# THE TASK
The line containing "COLE HAAN(コールハーン)の「グランド クロスコート" marks the end: quote every line from the start of the records below through it, word for word.
━━━ RECORD SET ━━━
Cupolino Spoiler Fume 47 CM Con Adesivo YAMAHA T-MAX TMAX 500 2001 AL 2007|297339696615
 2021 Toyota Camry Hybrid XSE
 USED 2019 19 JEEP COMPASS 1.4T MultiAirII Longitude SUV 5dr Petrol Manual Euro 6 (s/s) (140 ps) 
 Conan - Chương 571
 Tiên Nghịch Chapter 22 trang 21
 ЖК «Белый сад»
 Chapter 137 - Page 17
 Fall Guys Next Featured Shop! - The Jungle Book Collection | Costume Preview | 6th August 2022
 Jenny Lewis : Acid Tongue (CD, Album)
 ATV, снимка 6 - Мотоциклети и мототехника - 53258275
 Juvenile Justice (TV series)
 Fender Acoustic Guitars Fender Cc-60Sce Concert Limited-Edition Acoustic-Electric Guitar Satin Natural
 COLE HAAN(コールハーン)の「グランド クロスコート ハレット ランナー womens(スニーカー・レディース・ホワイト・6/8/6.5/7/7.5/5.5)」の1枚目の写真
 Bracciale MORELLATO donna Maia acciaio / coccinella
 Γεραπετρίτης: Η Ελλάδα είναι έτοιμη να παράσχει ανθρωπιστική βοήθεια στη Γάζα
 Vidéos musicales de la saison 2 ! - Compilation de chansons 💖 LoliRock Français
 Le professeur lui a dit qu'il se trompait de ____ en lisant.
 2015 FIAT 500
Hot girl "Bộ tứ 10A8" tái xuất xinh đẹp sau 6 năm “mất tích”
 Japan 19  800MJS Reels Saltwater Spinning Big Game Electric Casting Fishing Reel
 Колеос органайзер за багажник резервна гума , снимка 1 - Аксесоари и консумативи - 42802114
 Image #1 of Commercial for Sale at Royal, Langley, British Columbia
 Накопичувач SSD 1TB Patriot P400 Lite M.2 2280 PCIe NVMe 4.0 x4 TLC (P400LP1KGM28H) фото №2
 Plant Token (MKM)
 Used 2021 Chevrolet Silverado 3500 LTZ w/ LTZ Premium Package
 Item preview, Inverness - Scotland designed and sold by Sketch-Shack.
━━━
# RESULT FOR THIS TASK
Cupolino Spoiler Fume 47 CM Con Adesivo YAMAHA T-MAX TMAX 500 2001 AL 2007|297339696615
 2021 Toyota Camry Hybrid XSE
 USED 2019 19 JEEP COMPASS 1.4T MultiAirII Longitude SUV 5dr Petrol Manual Euro 6 (s/s) (140 ps) 
 Conan - Chương 571
 Tiên Nghịch Chapter 22 trang 21
 ЖК «Белый сад»
 Chapter 137 - Page 17
 Fall Guys Next Featured Shop! - The Jungle Book Collection | Costume Preview | 6th August 2022
 Jenny Lewis : Acid Tongue (CD, Album)
 ATV, снимка 6 - Мотоциклети и мототехника - 53258275
 Juvenile Justice (TV series)
 Fender Acoustic Guitars Fender Cc-60Sce Concert Limited-Edition Acoustic-Electric Guitar Satin Natural
 COLE HAAN(コールハーン)の「グランド クロスコート ハレット ランナー womens(スニーカー・レディース・ホワイト・6/8/6.5/7/7.5/5.5)」の1枚目の写真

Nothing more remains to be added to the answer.